Acı gerçekler mi, tatlı yalanlar mı?
Dürüst olun. Hepimizin cehaleti sevdiğimiz anlar olmuştur elbet. İlişkisi harika giden -gittiğini düşünen-ve oldukça mutlu olan bir kadının aldatıldığını öğrendiğini düşünün. Bu acı gerçekle yüzleşip ilişkisini sonlandıracak mı, yoksa görmezden gelip tatlı yalanlarla yaşamaya devam mı edecek? Aslına bakarsanız her ikisi de hüzünlü birer kapı. İkisine de tekmeyi basıp eski ve mutlu yaşamınıza dönmek istiyorsunuz. Acı gerçek, kendinizi berbat hissettirecek. Güçlü oldunuz, gerçekle yüzleştiniz ama o çok sevdiğiniz adam, artık geçmişinizin soluk bir sayfası. Tatlı yalan, kendinizi berbat hissetmenizi bir nebze erteleyecek. Hani sabahları saatiniz 7.55'te çalar, uyanırsınız ve beş dakika daha ertelersiniz. Beş dakika daha fazla uyumanın verdiği sevinci yaşarsınız. İşte tatlı yalan da o beş dakikadır aslında. Acıyı erteleyen beş masum dakika...

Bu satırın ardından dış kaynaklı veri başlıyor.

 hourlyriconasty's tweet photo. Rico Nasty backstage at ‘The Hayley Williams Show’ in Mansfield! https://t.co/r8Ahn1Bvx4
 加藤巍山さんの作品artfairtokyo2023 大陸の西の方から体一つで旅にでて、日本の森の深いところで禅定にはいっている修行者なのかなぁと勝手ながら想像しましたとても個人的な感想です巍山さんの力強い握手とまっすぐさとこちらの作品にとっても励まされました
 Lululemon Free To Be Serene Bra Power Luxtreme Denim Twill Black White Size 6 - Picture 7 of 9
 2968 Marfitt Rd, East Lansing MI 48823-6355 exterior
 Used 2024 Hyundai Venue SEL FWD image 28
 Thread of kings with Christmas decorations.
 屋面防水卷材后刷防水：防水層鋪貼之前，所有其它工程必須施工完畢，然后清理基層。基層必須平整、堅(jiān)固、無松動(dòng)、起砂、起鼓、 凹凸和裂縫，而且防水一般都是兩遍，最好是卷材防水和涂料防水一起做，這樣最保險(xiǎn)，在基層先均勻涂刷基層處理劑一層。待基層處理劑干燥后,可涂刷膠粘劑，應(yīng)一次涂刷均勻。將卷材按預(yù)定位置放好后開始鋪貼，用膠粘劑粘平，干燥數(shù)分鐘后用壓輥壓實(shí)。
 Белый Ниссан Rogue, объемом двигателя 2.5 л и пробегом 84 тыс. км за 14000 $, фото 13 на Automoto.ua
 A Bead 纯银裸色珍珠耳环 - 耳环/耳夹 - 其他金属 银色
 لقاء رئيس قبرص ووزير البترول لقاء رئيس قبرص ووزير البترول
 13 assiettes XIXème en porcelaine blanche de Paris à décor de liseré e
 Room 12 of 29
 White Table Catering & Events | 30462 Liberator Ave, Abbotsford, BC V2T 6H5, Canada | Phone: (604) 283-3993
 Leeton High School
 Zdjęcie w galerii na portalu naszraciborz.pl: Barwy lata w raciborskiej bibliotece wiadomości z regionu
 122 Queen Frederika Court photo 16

Sanırım en berbat an uyanma kısmı olmalı. Uyandığınızda cevaplamanız gereken bir sorunuz vardır artık. Hayatın size sunduğu sayısız seçimden biri dikilir baş ucunuzda. Zayıf tarafınız ertelemenizi söyler. Kısa bir süre için daha mutlu olmak istiyorum, bir ilizyonu yaşadığımın farkındayım ama bunu görmezden geliyorum. Tatlı yalanları yaşarken farkındalık hissi ve sabrınızın son kum taneleri sizi diğer kapıya sürükler. Evet, acı gerçek kalbinize saplanacak. Mutluluğunuz kanayacak. Hatta kendinize serumla neşe takviye edeceksiniz, bünyeniz belki onu bile kaldırmayacak. Bana sorarsanız, her ne kadar baş etmesi güç olsa da her zaman Acı Gerçek asıl kapımız olmalı. Sonuçta o beş dakika geçecek, alarm çalacak, sıcak yatağınızdan kalkacaksınız ve buz gibi suyla yüzünüzü yıkayacaksınız. Gerçekliğe dönüş, sizi soğukluğuyla üşütecek ve tir tir titretecek. Sonuçta kim demiş kırmızı hapı yutmanın kolay olduğunu, öyle değil mi?
Minik bir not: Yarın ölecekmiş gibi yaşamak da sunulan bir diğer kırmızı hap sanırım.